Was it an electrical storm? Any ramp test done on RCD? Any earth leakage?
 
was an elec storm yes, no earth leakage, all other tests ok, the RCD hadnt triped origionaly, just the MCB, but did an RCD test as part of the course, which is when it kept tripping with no values showing on tester.
 
I'd have thought that the two most obvious contenders are, er, obvious:

1) water penetration somewhere
2) power surge / emf spike

why the RCD is now being a bit suss could be because it's now shafted (not beyond possibility it could be burnt out internally hence not tripping last night - if it's only a standard 6kA one that's nothing to a bolt of lightning)
 
yep i agree, my first thoughts were as you say water ingress or a strike, hadnt thought that the RCD might have beendamaged by it though. think ill get it changed anyway.
 
Could also depend on when the customer last tested the RCD, as we know they get tested every three months...
 
customer is happy, but sparky isn't. i would advise replacing the RCD and then doing a RCD test, if similar results to the old one, then there is a circuit problem
 
Also worth doing a check on your meter with another RCD to ensure that your meter is working OK and on the right settings, just in case you change the RCD for no reason.

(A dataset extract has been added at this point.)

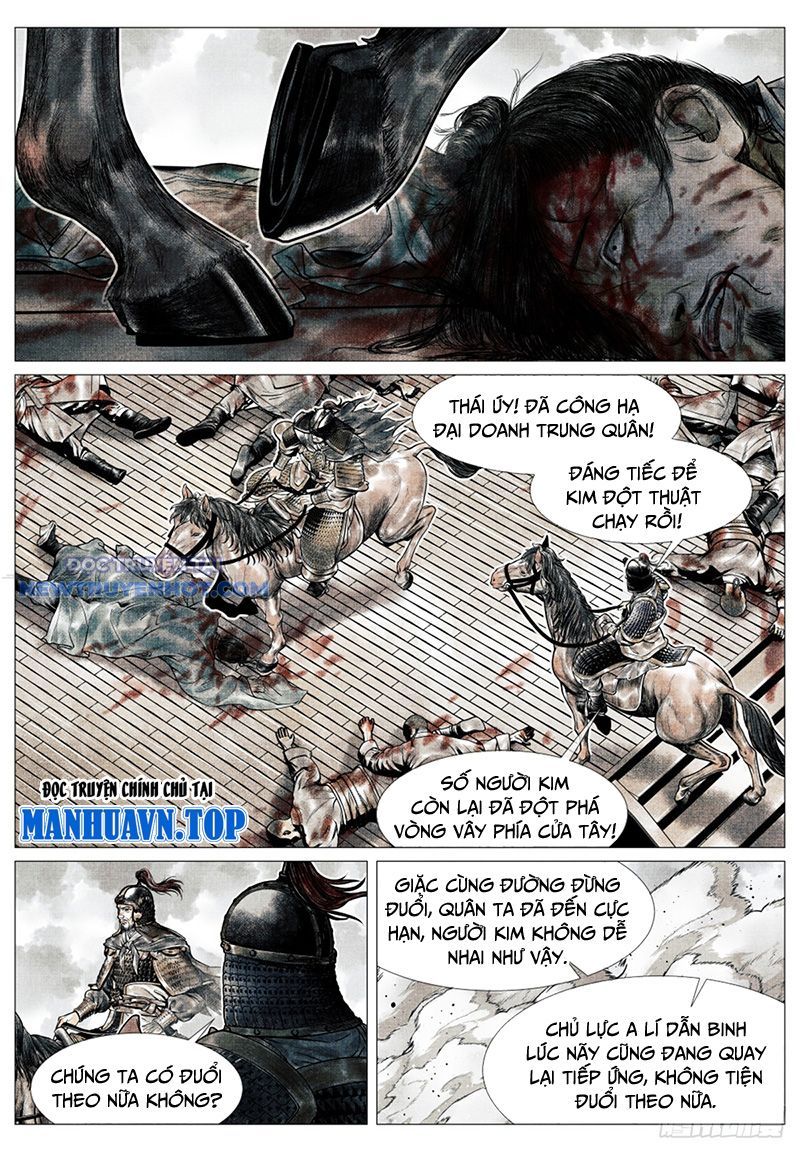 page_14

However I would think it likely the RCD was damaged.
 
Hi sparky, Did you remember to conduct the RCD tests with ALL loads disconnected from the RCD. A low impedance load on the RCD may drag the voltage down so quickly, that although the RCD trips, the meter is either unable to record & display a value or displays an unreliable short disconnection time. Conversely, in situations where the load has input capacitors (eg. RFI Suppression or reservoir capacitors) the voltage maybe artificially held up, causing the meter to display an unreliable long disconnection time.
 
The fact the MCB reset after a time would suggest a thermal O/L trip. Check out the RCD by all means, but have a close look at the kitchen RFC.